There was one group from the Gulf province that had girls with wonderfully thick grass skirts that hung to their ankles and had shells around their waists. Many of the girls used a side to side movement that gently swished the grasses and made the shells sing out as they moved. There were two girls in the group, however, that had a little more swing in their hips, and I stood among a group of spectators (men and women both) that sounded out their approval for such moves. It was from these two that we learned, simply from the "swishing", the painted designs on the backs of their legs extended all the way up to the tops of their thighs.

There was also one small girl in a group from a similar grass-skirted region that had moves of her own. The more the crowd responded, the more she put into her dance. She was so very cute, I almost felt sorry for the older girls who had put so much into their costumes and moves only to be outdone by this youngster. It was a great presentation.

One of the island groups had two scantily clad young men enter the arena first, to a wonderful trio of hollow log drums. These boys had some moves that Michael Jackson would have been proud of, and elicited encouraging hoots from the men in the crowd as well as appreciative laughter from the girls and women.

The dancers from the Sepik region put on a wonderful performance simulating the killing of a crocodile as they danced. Then one of their young men moved slowly about the edges of the roped off area with a live young crocodile secured to a piece of wood, thrusting it at audience members as he moved. The young people merely jumped back and laughed, while young children ran for their mothers, and more than a few of the older women nearly trampled people trying to get out of the way.

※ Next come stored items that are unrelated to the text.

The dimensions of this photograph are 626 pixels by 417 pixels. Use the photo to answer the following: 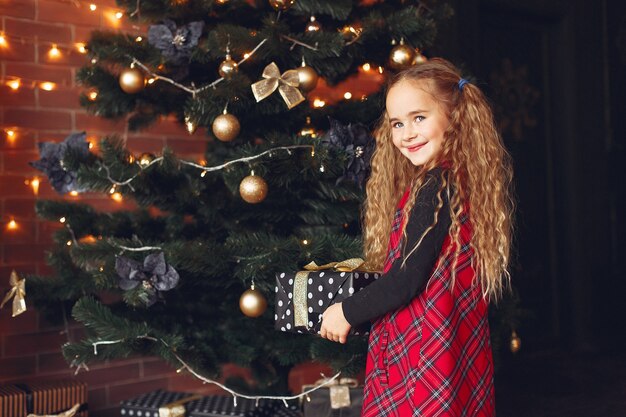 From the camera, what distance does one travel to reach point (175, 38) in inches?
87.4

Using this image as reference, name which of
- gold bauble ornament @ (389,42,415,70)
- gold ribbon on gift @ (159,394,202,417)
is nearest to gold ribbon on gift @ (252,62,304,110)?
gold bauble ornament @ (389,42,415,70)

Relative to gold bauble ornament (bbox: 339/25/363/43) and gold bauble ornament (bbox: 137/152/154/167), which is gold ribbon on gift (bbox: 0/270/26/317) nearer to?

The Asaro mudmen were another crowd favourite in their distinctive clay pot masks, and bodies white with dried mud. These boys played their parts very seriously and even the two younger boys, mudmen in training it seemed, were serious and cautious about their duties in the festivities.

Gosh, there is so much more I want to share with you, but already this series of posts is so long that I know I've lost many of you. So, I'll bring it to an end now. But I did enjoy this day, and this glimpse of only small pieces of PNG culture, so very much!